Repeat the listing below exactly. Pictures do not belong in the copy.

___ GIVEN MATERIAL

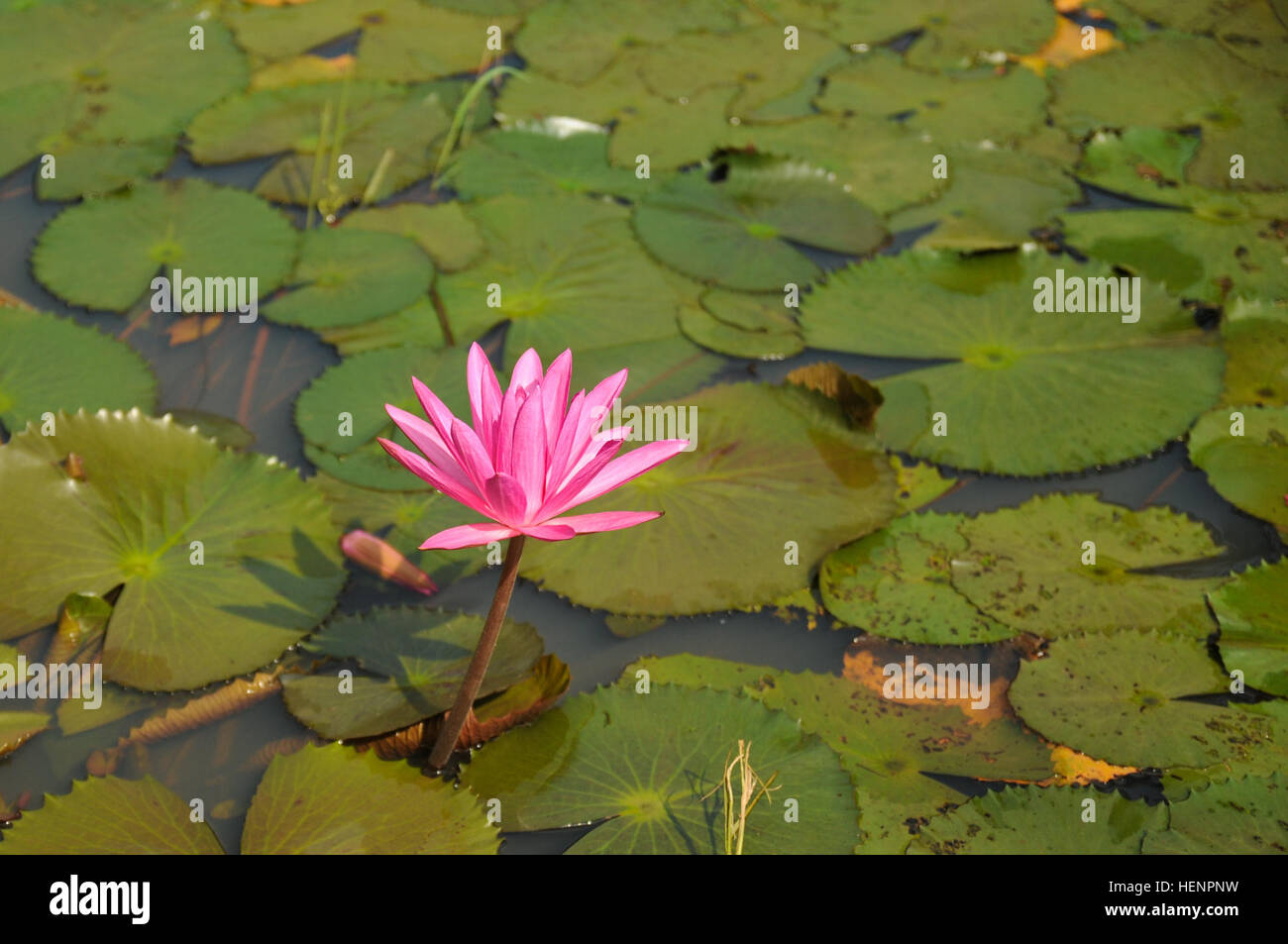 Eine Seerose, die nationale Blume von Bangladesch, Blüten in einem Teich 26. August 2014 während eines Trainings der bilateralen Austausch zwischen den USA und Bangladesch Armeen an der Bangladesh Institut Frieden Unterstützung Betrieb Ausbildung bei Rajendrapur Catonement Bereich der Ausbildung, in der Nähe von Dhaka, Bangladesh. Der US-Armee wurde in Bangladesch für Aurora Monsun, eine Exchange-Übung konzentriert sich auf den Aufbau von Beziehungen und Verbesserung der Fähigkeiten im Betrieb in einem Dschungel-Umgebung und Unbekanntes Terrain. (Foto: US-Armee Sgt. 1. Klasse Jeffrey Smith/freigegeben) %%% E2 %%% 80 %%% 98Aurora Monsun %%% E2 %%% Stockfoto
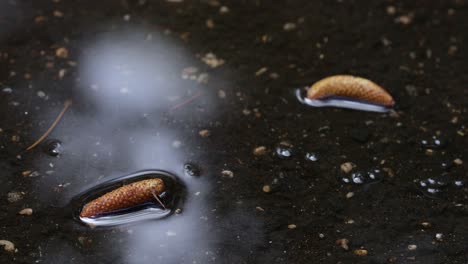 Static-view-of-young-aleppo-pine-cones-in-a-puddle-of-water-on-a-concrete-driveway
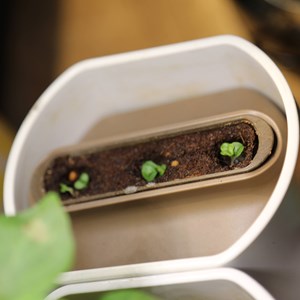 Capsule pour Modulo Basilic Grand Vert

______

▶ EXERCISE RESPONSE:
 Eine Seerose, die nationale Blume von Bangladesch, Blüten in einem Teich 26. August 2014 während eines Trainings der bilateralen Austausch zwischen den USA und Bangladesch Armeen an der Bangladesh Institut Frieden Unterstützung Betrieb Ausbildung bei Rajendrapur Catonement Bereich der Ausbildung, in der Nähe von Dhaka, Bangladesh. Der US-Armee wurde in Bangladesch für Aurora Monsun, eine Exchange-Übung konzentriert sich auf den Aufbau von Beziehungen und Verbesserung der Fähigkeiten im Betrieb in einem Dschungel-Umgebung und Unbekanntes Terrain. (Foto: US-Armee Sgt. 1. Klasse Jeffrey Smith/freigegeben) %%% E2 %%% 80 %%% 98Aurora Monsun %%% E2 %%% Stockfoto
 Static-view-of-young-aleppo-pine-cones-in-a-puddle-of-water-on-a-concrete-driveway
 Capsule pour Modulo Basilic Grand Vert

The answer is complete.